Task brief> Locate "Gyors indulás bárhonnan" in the records below, then copy its line and every following line exactly, without the pictures.

Records>
◇ ◇ ◇ ◇ ◇

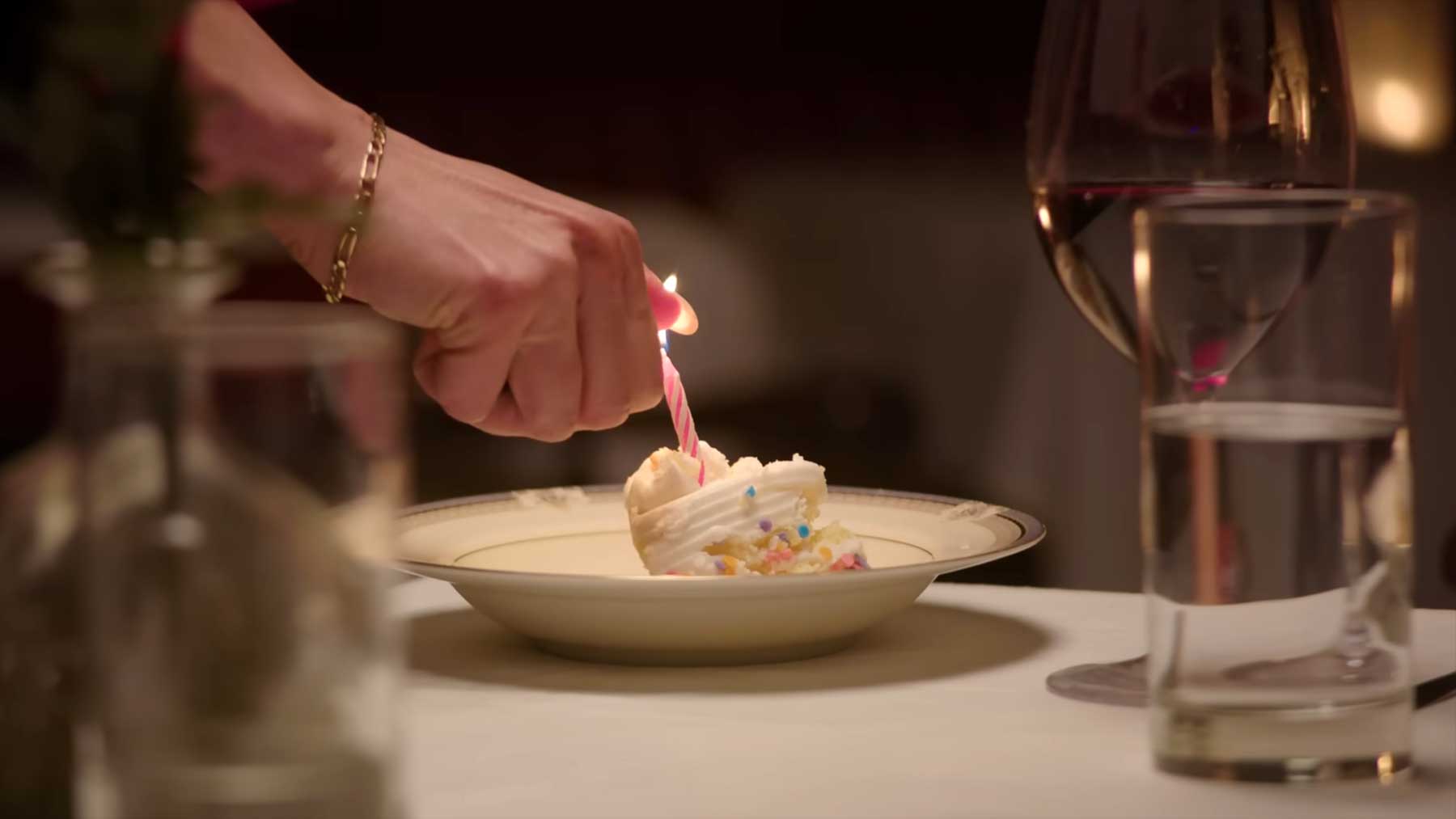Wenn du im Restaurant lügst, es sei dein Geburtstag... When-You-Lie-and-Say-Its-Your-Birthday-kurzfilm 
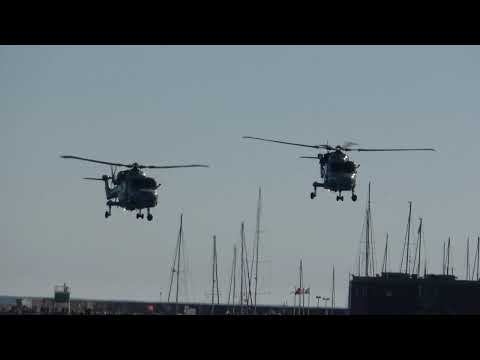 Oeiras Air Show 2024 - Portuguese Navy Westland Lynx MK95 in Action!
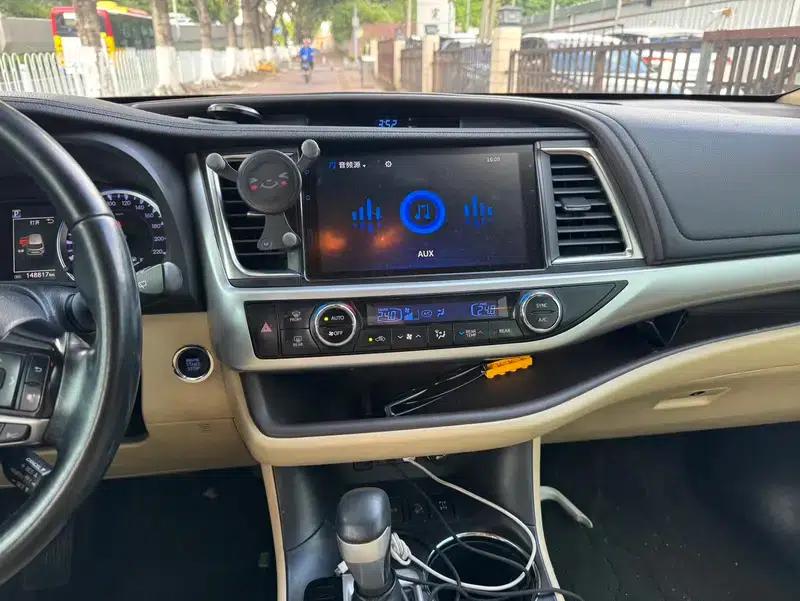2018 Toyota Highlander 2.0T 4WD Premium Edition 7-seater (China VI Emission Standard) — миниатюра 17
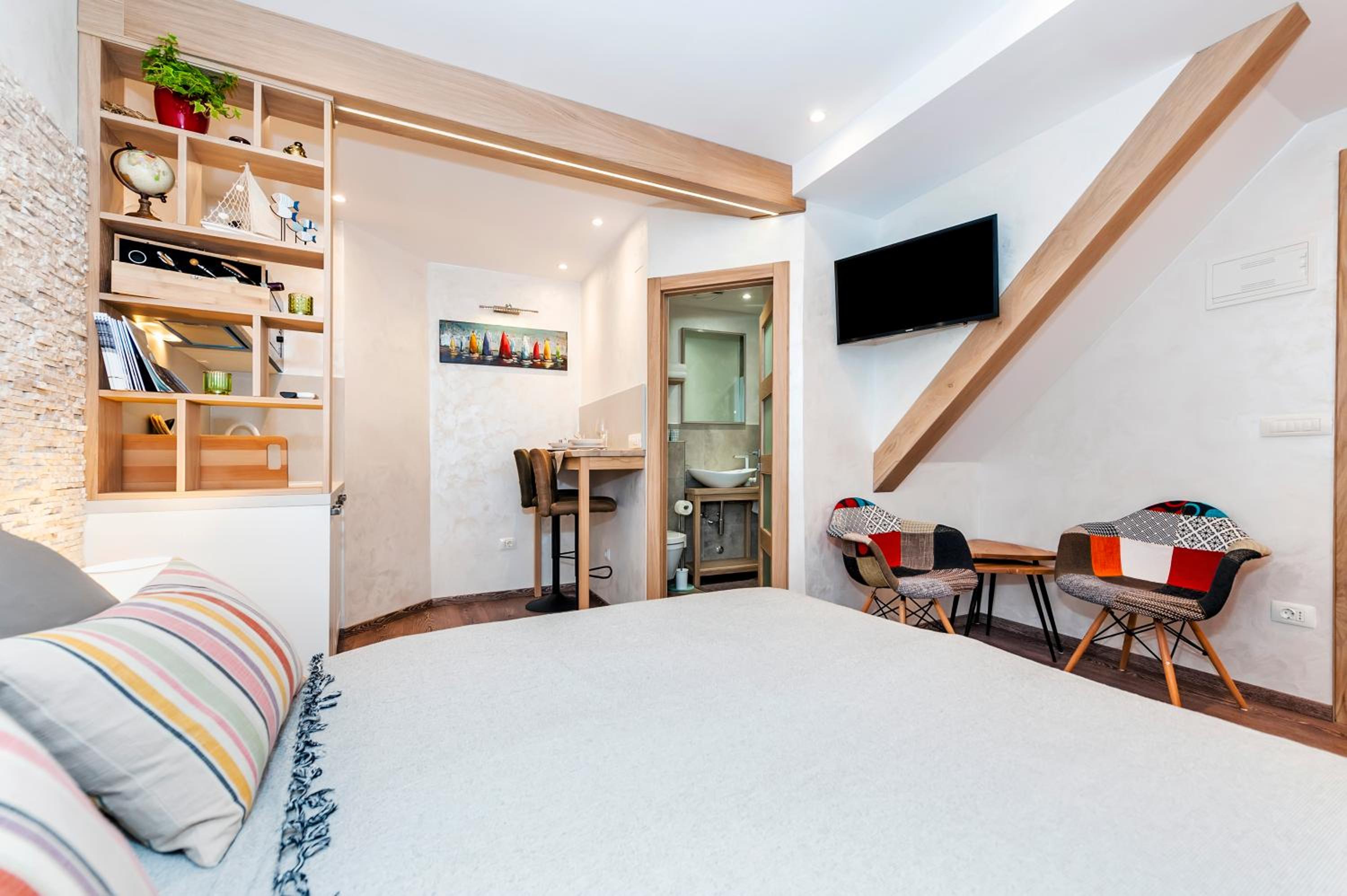 One-Bedroom Apartment - Photo 4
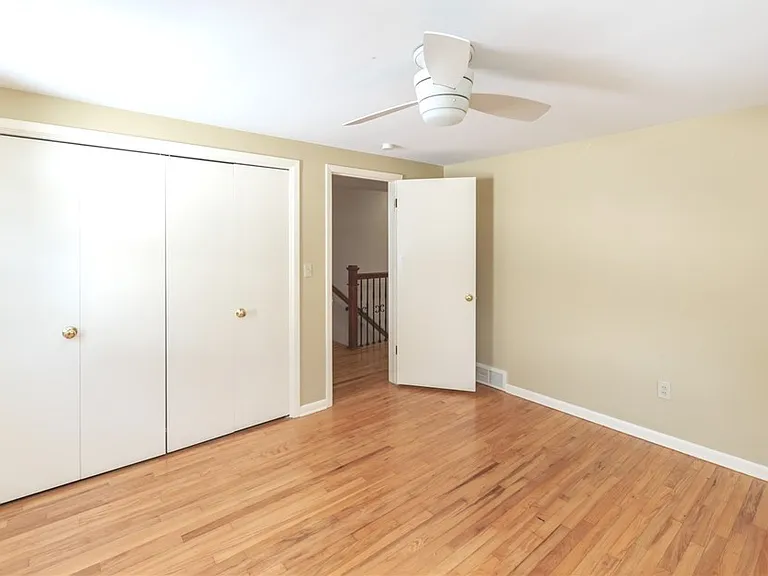 23721 Greenlawn Ave — Photo 27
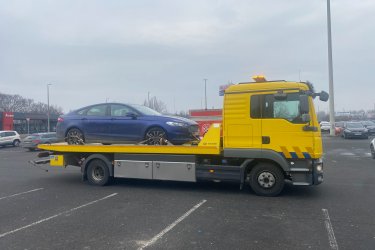 Lerobbant az autója Vácon vagy környékén? Nem indul?
Mészáros Autómentő Kft. éjjel-nappal, gyorsan és biztonságosan segít!

✅ 0–24 órás autómentés Vác és Pest megye területén, akár országosan
✅ Személyautó, SUV, kisteherautó, furgon mentése
✅ Hétvégén és ünnepnapokon is rendelkezésre állunk
✅ Gyors indulás bárhonnan

Hívjon minket bármikor:  06 20 9188 649
???? Nem indul az autója? Segítünk – azonnal indulunk!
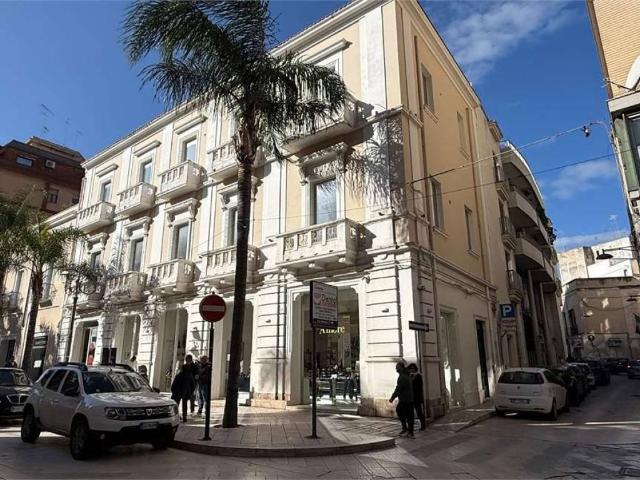 Palazzo / Stabile in vendita a Brindisi BR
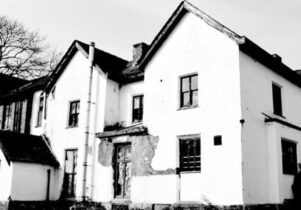 Fell at Antwerp Mansion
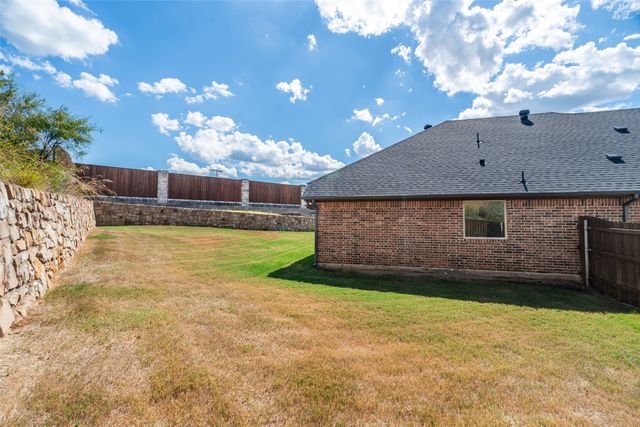 229 Jacinth Lane, Granbury, TX 76049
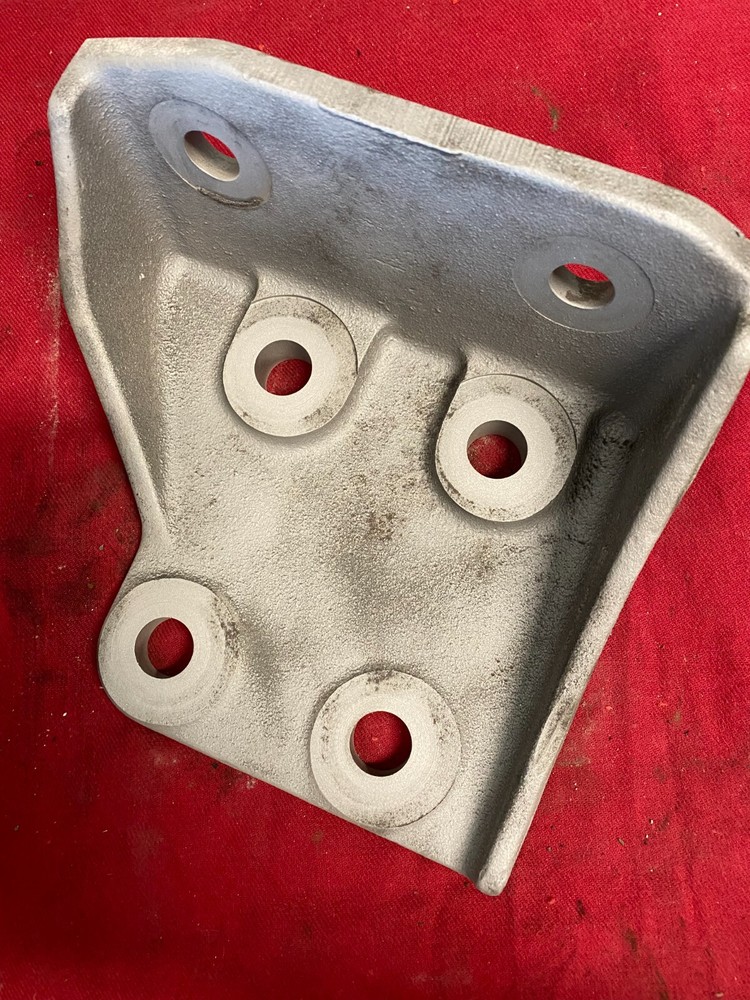 INTERNATIONAL BRACKET, RIGHT FRONT ENGINE MOUNT 1668262C2 NAVISTAR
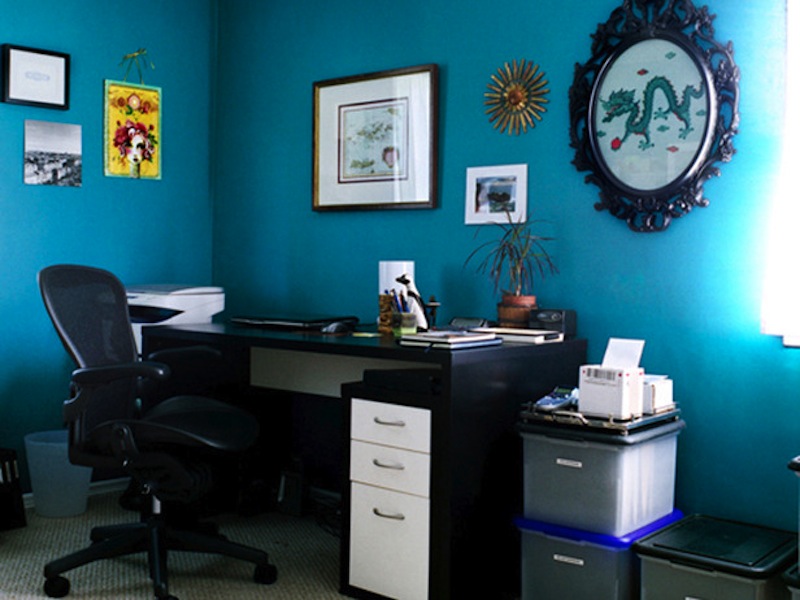 Кабинет сапфир. Цвет стен в кабинете. Цвет стен в рабочем кабинете. Кабинет с синими стенами. Голубой цвет стен в офисе.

◇ ◇ ◇ ◇ ◇

Result>
✅ Gyors indulás bárhonnan

Hívjon minket bármikor:  06 20 9188 649
???? Nem indul az autója? Segítünk – azonnal indulunk!
 Palazzo / Stabile in vendita a Brindisi BR
 Fell at Antwerp Mansion
 229 Jacinth Lane, Granbury, TX 76049
 INTERNATIONAL BRACKET, RIGHT FRONT ENGINE MOUNT 1668262C2 NAVISTAR
 Кабинет сапфир. Цвет стен в кабинете. Цвет стен в рабочем кабинете. Кабинет с синими стенами. Голубой цвет стен в офисе.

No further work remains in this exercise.